Le prince de Croÿ lors d’une réception au château de la famille à Azy, dans la Nièvre.
Le prince de Croÿ lors d’une réception au château de la famille à Azy, dans la Nièvre.

L’homme qui a créé Helin en 2007 n’est autre que le prince Henri de Croÿ-Solre (61 ans). Membre de la noblesse belge, il a davantage défrayé la chronique judiciaire que la mondaine ces dernières années, en raison du procès fleuve qui l’a conduit devant plusieurs tribunaux belges.
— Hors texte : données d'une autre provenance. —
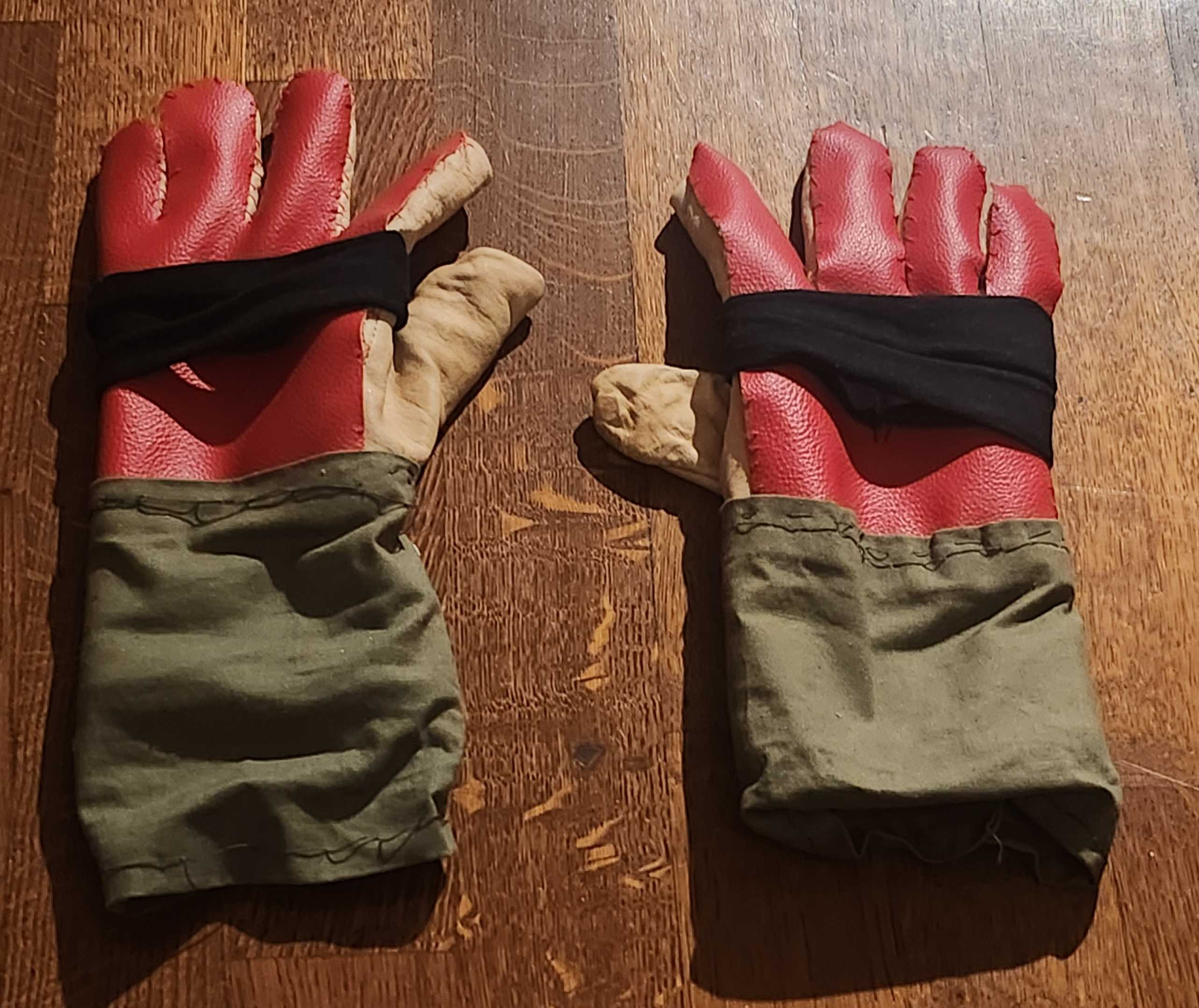 gloves_front.jpg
Il y était poursuivi en compagnie d’autres prévenus dans le cadre d’un énorme dossier de fraude fiscale présumée remontant aux années 1990: l’affaire dite des «sociétés de liquidités».

Tout au long de cette saga judiciaire, le prince de Croÿ n’a cessé de marteler ce qui constitue encore aujourd’hui sa ligne de défense, à savoir qu’il se livre à de l’ingénierie fiscale et non à de la fraude caractérisée. Et la cour d’Appel de Liège a fini par lui donner raison en 2015, après bien des péripéties. Ceci malgré un jugement en première instance, à Bruxelles, au terme duquel il avait été reconnu coupable d’avoir éludé 75 millions d’euros d’impôt, en spoliant de leurs avoirs dix-huit entreprises florissantes grâce à un montage complexe associant sociétés offshore et paradis fiscaux. Le délinquant financier patenté, désigné comme tel dans le premier jugement qui le condamnait à trois ans de prison et à dix ans d’interdiction professionnelle, s’est ainsi vu réhabilité en ingénieux professionnel de la finance par la grâce d’un arrêt définitif.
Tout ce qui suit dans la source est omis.